Task statement :: Below are records. Count every line containing the word "Usata" and give the number alone.

= Beginning of Section =

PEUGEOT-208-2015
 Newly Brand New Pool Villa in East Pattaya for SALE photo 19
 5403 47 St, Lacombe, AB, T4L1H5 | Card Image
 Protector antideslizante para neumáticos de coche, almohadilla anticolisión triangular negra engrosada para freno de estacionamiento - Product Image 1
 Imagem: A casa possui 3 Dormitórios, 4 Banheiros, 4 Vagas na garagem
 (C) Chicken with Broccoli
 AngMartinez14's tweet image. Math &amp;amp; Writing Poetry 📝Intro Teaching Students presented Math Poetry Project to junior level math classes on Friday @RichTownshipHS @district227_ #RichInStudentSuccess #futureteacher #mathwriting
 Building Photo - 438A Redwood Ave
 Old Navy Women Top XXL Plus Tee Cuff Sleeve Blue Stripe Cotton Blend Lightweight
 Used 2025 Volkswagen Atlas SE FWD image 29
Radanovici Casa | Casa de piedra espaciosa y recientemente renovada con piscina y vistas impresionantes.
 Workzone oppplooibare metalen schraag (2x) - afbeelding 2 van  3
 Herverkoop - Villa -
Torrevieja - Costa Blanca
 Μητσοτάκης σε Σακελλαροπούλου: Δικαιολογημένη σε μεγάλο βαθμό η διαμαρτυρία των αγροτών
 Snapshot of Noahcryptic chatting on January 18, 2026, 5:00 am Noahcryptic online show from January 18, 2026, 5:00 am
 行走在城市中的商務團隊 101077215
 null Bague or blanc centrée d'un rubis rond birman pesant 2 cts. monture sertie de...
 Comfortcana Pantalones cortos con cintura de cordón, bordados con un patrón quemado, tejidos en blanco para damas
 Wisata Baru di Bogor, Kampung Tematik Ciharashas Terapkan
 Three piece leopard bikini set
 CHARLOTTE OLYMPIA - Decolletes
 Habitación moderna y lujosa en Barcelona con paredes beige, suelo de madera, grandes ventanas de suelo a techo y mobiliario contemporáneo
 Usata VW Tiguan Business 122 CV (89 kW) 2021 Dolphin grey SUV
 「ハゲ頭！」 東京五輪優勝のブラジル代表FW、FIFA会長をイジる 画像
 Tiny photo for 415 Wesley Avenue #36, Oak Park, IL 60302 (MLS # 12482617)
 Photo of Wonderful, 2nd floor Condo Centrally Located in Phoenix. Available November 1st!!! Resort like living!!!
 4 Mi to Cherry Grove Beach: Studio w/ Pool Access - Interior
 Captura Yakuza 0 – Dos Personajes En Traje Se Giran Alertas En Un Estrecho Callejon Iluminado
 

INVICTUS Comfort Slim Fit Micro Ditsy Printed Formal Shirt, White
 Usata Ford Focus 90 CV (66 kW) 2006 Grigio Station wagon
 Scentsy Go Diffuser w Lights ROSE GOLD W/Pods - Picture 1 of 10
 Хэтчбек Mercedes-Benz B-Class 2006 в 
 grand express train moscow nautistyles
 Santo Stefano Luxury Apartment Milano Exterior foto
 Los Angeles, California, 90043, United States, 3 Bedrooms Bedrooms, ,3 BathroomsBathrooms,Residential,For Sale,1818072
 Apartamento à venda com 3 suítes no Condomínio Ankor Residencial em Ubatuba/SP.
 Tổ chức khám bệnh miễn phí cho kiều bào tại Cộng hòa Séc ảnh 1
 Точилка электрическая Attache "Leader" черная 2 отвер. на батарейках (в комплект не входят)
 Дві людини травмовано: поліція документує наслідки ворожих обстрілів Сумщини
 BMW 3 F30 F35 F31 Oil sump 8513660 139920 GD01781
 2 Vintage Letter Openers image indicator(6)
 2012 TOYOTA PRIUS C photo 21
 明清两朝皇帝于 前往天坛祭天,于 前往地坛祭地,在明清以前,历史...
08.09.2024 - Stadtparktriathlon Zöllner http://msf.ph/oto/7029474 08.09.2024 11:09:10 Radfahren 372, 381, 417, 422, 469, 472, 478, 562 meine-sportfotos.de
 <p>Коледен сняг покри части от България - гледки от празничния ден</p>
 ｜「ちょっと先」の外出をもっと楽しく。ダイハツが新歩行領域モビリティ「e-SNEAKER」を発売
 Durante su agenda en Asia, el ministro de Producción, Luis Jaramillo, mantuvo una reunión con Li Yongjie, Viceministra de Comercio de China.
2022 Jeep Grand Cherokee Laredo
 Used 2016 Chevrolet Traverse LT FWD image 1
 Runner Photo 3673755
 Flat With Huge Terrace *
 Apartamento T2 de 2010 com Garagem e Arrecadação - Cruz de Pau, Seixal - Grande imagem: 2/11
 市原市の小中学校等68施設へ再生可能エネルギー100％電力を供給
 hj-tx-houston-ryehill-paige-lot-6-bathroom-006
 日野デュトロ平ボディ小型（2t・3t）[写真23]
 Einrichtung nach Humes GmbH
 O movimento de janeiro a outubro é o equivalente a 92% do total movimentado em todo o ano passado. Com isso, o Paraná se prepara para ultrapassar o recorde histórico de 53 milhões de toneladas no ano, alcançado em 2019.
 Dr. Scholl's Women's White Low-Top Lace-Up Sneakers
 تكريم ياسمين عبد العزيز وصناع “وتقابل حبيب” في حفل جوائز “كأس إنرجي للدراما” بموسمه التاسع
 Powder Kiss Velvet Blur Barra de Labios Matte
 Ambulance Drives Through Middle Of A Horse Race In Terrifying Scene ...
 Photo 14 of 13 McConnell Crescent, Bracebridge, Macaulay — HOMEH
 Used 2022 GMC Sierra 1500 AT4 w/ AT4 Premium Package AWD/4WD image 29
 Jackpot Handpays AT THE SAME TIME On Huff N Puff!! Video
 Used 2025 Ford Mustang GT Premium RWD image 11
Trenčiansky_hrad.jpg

= End of Section =

Exercise result :: 2